Caso forse unico nel suo genere, la circolare, nata da considerazioni politiche che nulla avevano a che vedere con lo spirito democratico della Repubblica, dimostrò una resistenza sorprendente sopravvivendo alle altre leggi discrimatorie sul piano razziale e confessionale. E non certo per leggerezza. Fino a metà degli anni Cinquanta restava quindi possibile, per un qualsiasi parroco di campagna poco propenso al confronto e alla tolleranza, inviare i carabinieri a una riunione pentecostale, interromperla, denunciarne i conduttori e disperderne i partecipanti.

Solo un mutato clima politico portò alla revoca della Buffarini Guidi: la persecuzione si chiudeva, ufficialmente, il 16 aprile 1955, esattamente cinquant’anni fa.

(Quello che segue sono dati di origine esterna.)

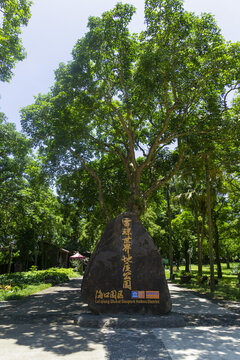 海口市火山口国家地质公园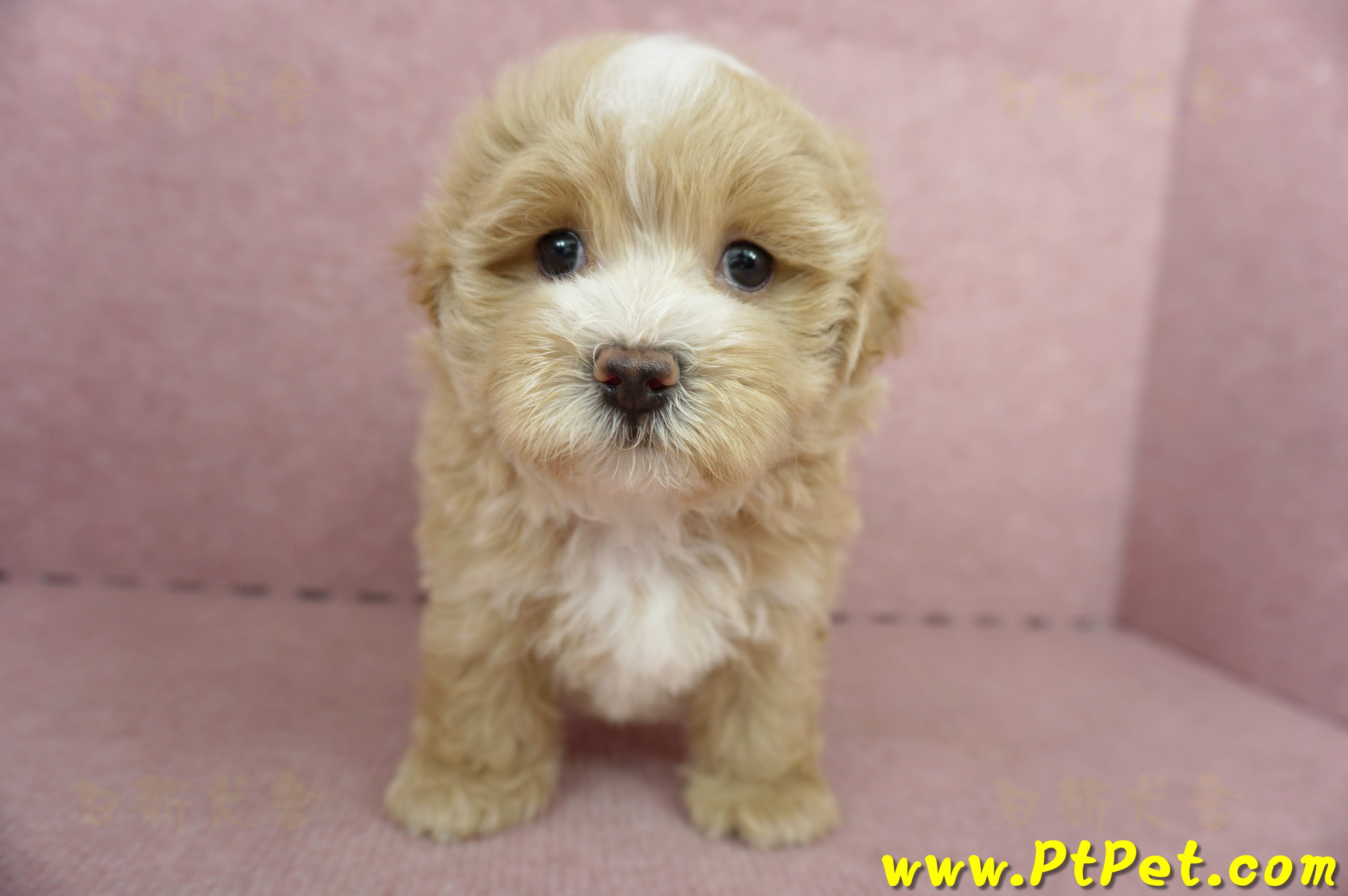 05/05奶油色馬爾泰迪公幼犬(高雄楠梓)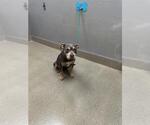 Small Mutt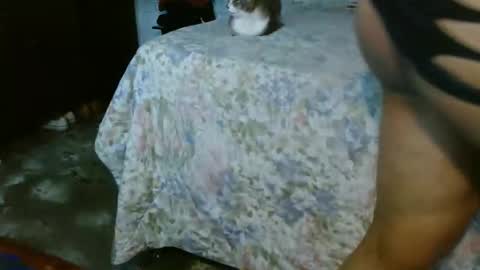 dreamreal online show from 10/31/25, 02:07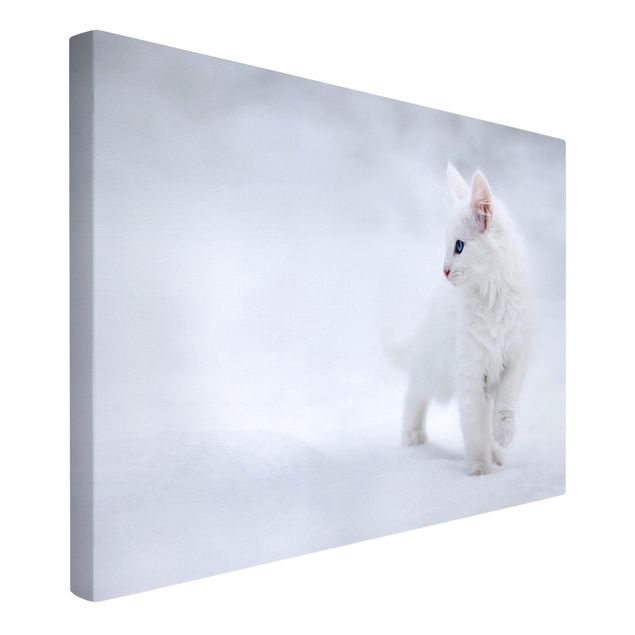 Leinwandbilder Tier Weiß wie Schnee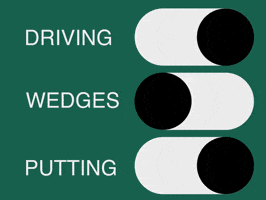 Yippygolf GIF by Citywide Golf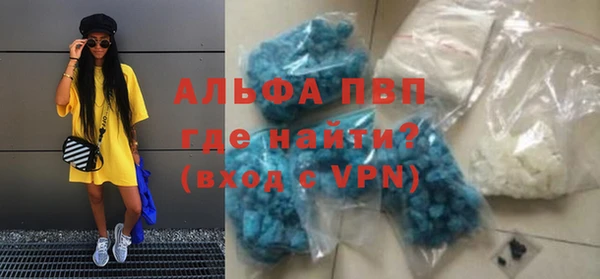 тгк Нея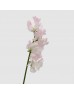 Lathyrus (Sweet Pea) (Imported) - Light Pink (5 Stems)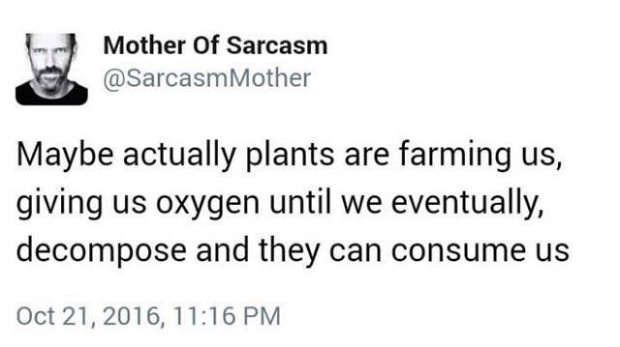 immature men memes - Mother Of Sarcasm Maybe actually plants are farming us, giving us oxygen until we eventually, decompose and they can consume us ,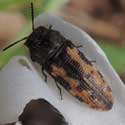 Flower Buprestid, Acmaeodera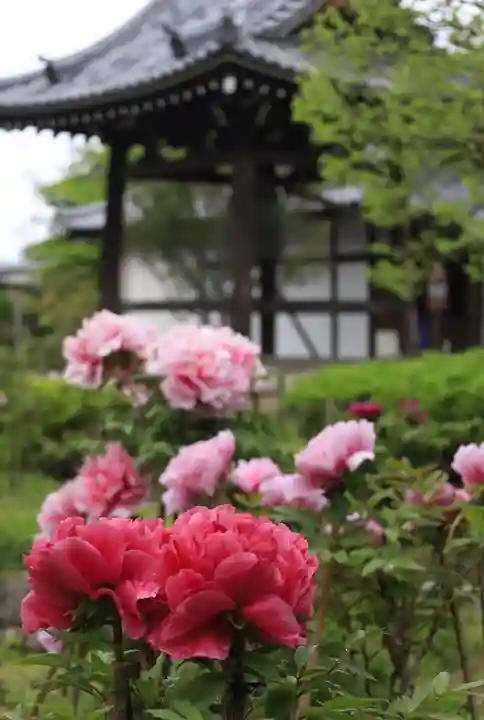 乙訓寺(京都府)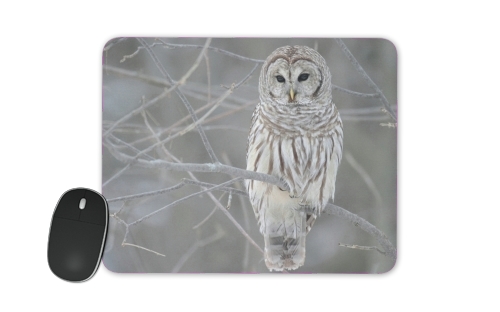  owl bird on a branch voor Mousepad
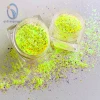 Fast Delivery Chinese Supplier Eco-Friendly Body Glitters Mixed Diamond Color For Diy Manicure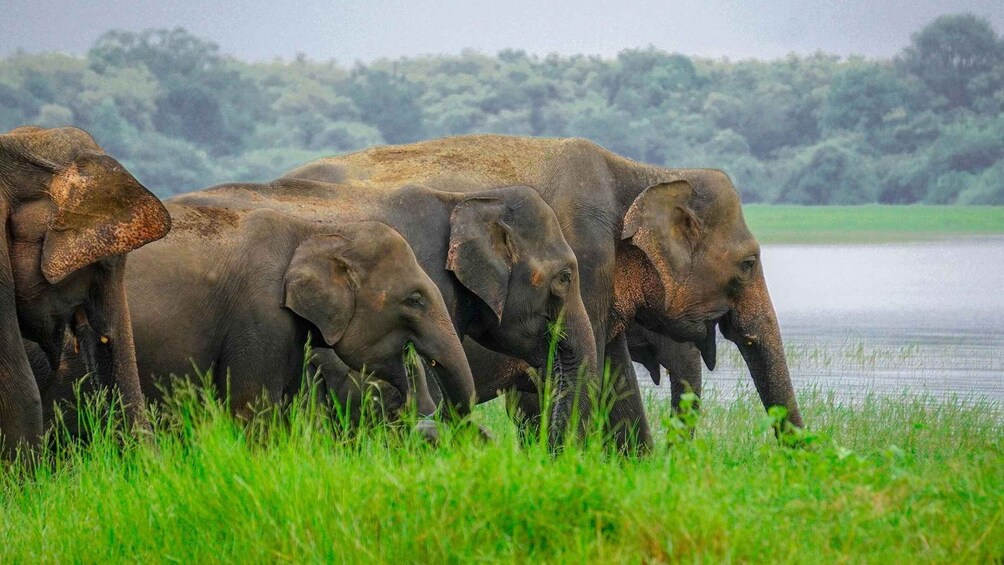 A group of elephants in a grassy area near a body of water. 1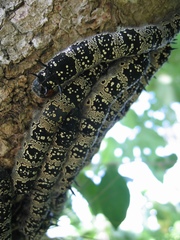Arsenura polyodonta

Ha ragione la chiesa Elim a parlare di “giubileo per i pentecostali italiani”. Spiace, invece, notare la svista generale da parte di chiese, assemblee, alleanze, associazioni, gruppi e giornali evangelici italiani. Salvo eccezioni più uniche che rare, non si è registrata nessuna iniziativa collegata all’evento, e nemmeno un vago cenno a quella che poteva essere un’ottima occasione per farsi conoscere e riconoscere.

Sarebbe stata anche una buona occasione per ribadire la propria storia e la propria presenza ormai radicata nel tessuto sociale italiano, rivendicando la propria fedeltà e tenacia nel seguire il Vangelo: poteva essere una presa di posizione importante tantopiù in un periodo come quello che stiamo vivendo, quando da più parti si tenta di accreditare le realtà evangeliche come dottrine stravaganti nate di recente sulla scorta di qualche santone americano, o – nel peggiore dei casi – le si addita come “sette”, sottintendendo con questo termine una pericolosità intrinseca.

Se non altro, quantomeno, poteva essere una buona opportunità per veder unirsi in preghiera – una volta tanto – il corpo di Cristo, ringraziando insieme Dio per la libertà riconquistata cinquant’anni fa.

Invece niente. Peccato, una molteplice occasione perduta. Forse eravamo troppo impegnati nelle nostre dotte disquisizioni su cose di poco conto per ricordarcene.